So, to me we are left with a few possibilities…
Possibility #1 – God is all-powerful and all-knowing. God sometimes steps into human history and changes things (i.e. miraculous events), but often does not. My response – So this makes God an arbitary monster, who uses humans for amusement. (the book of Job would seem to back this idea for what its worth).
Possibility #2 – God is not all-powerful and all-knowing, and does not step into human history at all. God might have created the world, but we humans are pretty much left to our own devises now. My response – Again, it seems like God is only using us for his/her amusement. We were created for some purpose but then are left on our our own to figure it out.
Possibility #3 – God does not exist. The world is random and meaningless. Humans created the idea of “God” or “Gods” to satisfy our deep longing for meaning. My response – There are days that this theory is compelling, but that there are other days that something in my heart tells me that this theory is not the truth, that there is something of the divine that is real, even if the ideas we often hold about the divine are hogwash.
Possibility #4 – Humans intuit that God exists, because God is present. But God is not a “man in the sky” but rather is force, a presence, that is all around us and in us. God doesn’t interfere with the laws of nature, but God does speak to the hearts and consciences of human beings. Good happens all around us, because God is present. Incredible good happens when human beings act in solidarity with each other and that of God at work inside them. There have been many prophets and enlightened people throughout human history, but they are simply men and women who have best connected with the divinity that is in us all. My response: Today the fourth possibility seems to be the most accurate way of understanding God, and yet, it seems incomplete too.

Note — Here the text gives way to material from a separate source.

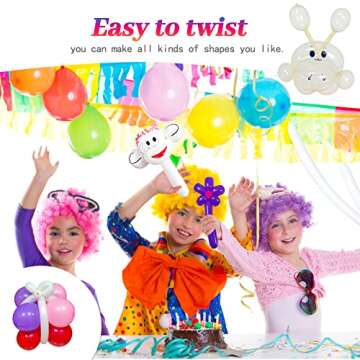 ZBYDNG 260 Balloons Clear, Thickening Long Balloons for Tying Balloon Arch, Twisting Latex Animals Magic Balloons Modeling Skinny Birthday Balloons for Kid‘s Party Wedding Decoartion Supply 100pcs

It feels cold and incomplete. It lacks the power of the story of the Christian scriptures, in which we see God evolve alongside the children of Israel (and later the early Christian community) to be more loving, more just and more inclusive, as time goes by. And this fourth possibility seems to demote Jesus from being God incarnate (Emanuel) to being simply, at best, another enlightened person who has connected with “that of God” in us all. Maybe this is ok, but as someone who has spent much of his life connecting with the life and story of Jesus, this somehow feels inadequate.

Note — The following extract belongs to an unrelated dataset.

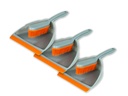 3er Kehrset mit Gummi Handfeger Handbesen Grau/Orange – Galeriebild 1, Artikelnummer 15619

So that is why most days I say I have a something of a Quaker theology (or more precisely a liberal/universalist Quaker theology) but something of a Mennonite faith practice. The Quakers teach me how to connect to God and how to see God at work in the world, but the Mennonites teach me how to live like Jesus taught and lived. Neither tradition has the whole truth (at least as I understand it), but I do feel like I can encounter a lot of the truth by engaging with both traditions.
Well that is enough for tonight. There is a lot more I want to talk about but it is bed time…
Matt,
I don’t have enough time to write a proper response to your post. I will express one brief thought, although I’ll not even be able even to give it complete justice here and now.
Your possibilities presuppose a lot. If I could bold and underline “a lot” I would. Your possibilities presuppose that you know what is good and evil. And I am using the terms good and evil here to mean what is ultimately good and ultimately evil. I mean what is eternally good and evil, eternally positive or negative, etc. Your possibilities are founded in human experience which is based entirely in this time and space and not necessarily with the whole view of existence in mind. Existence is eternal and indescribably complicated. I agree that from the human perspective many of your points are very valid and require great thought, but the only point I want to make here is that you are presupposing with your possibilities that you know that purposes of God in creating and sustaining the universe.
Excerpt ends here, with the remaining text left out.